Source information Block Start

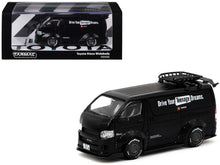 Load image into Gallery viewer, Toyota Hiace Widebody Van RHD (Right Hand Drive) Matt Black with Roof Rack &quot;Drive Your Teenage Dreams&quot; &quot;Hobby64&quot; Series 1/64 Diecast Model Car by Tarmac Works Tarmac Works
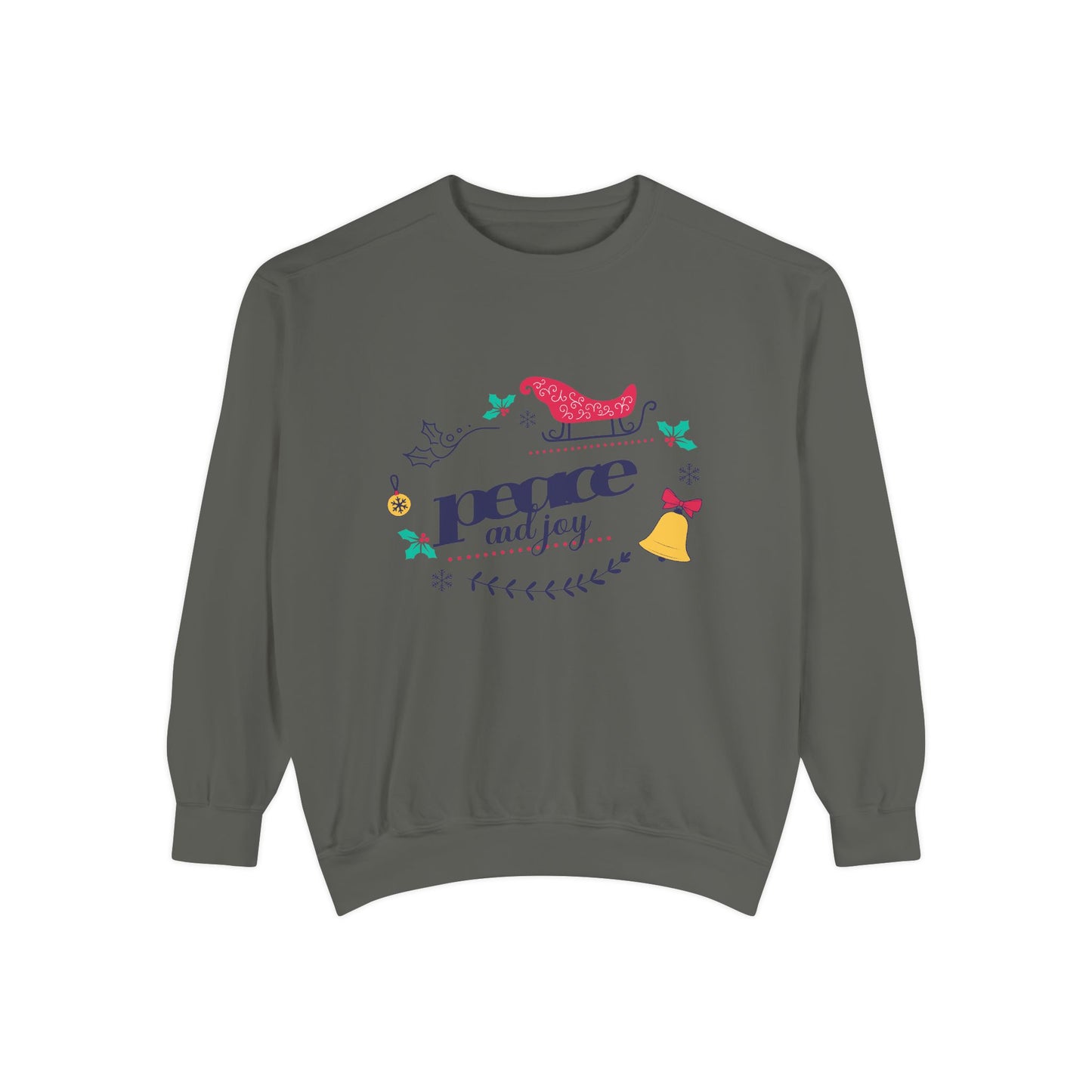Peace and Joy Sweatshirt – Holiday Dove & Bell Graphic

Source information Block End
Source information Block Start

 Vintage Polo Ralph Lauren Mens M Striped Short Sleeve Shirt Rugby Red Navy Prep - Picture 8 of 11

Source information Block End

*Work order*
With the pictures removed from your copy, retype the lines above from the one that contains "Load image into" through the one that contains "Peace and Joy", exactly.

*Response to the exercise*
 Load image into Gallery viewer, Toyota Hiace Widebody Van RHD (Right Hand Drive) Matt Black with Roof Rack &quot;Drive Your Teenage Dreams&quot; &quot;Hobby64&quot; Series 1/64 Diecast Model Car by Tarmac Works Tarmac Works
Peace and Joy Sweatshirt – Holiday Dove & Bell Graphic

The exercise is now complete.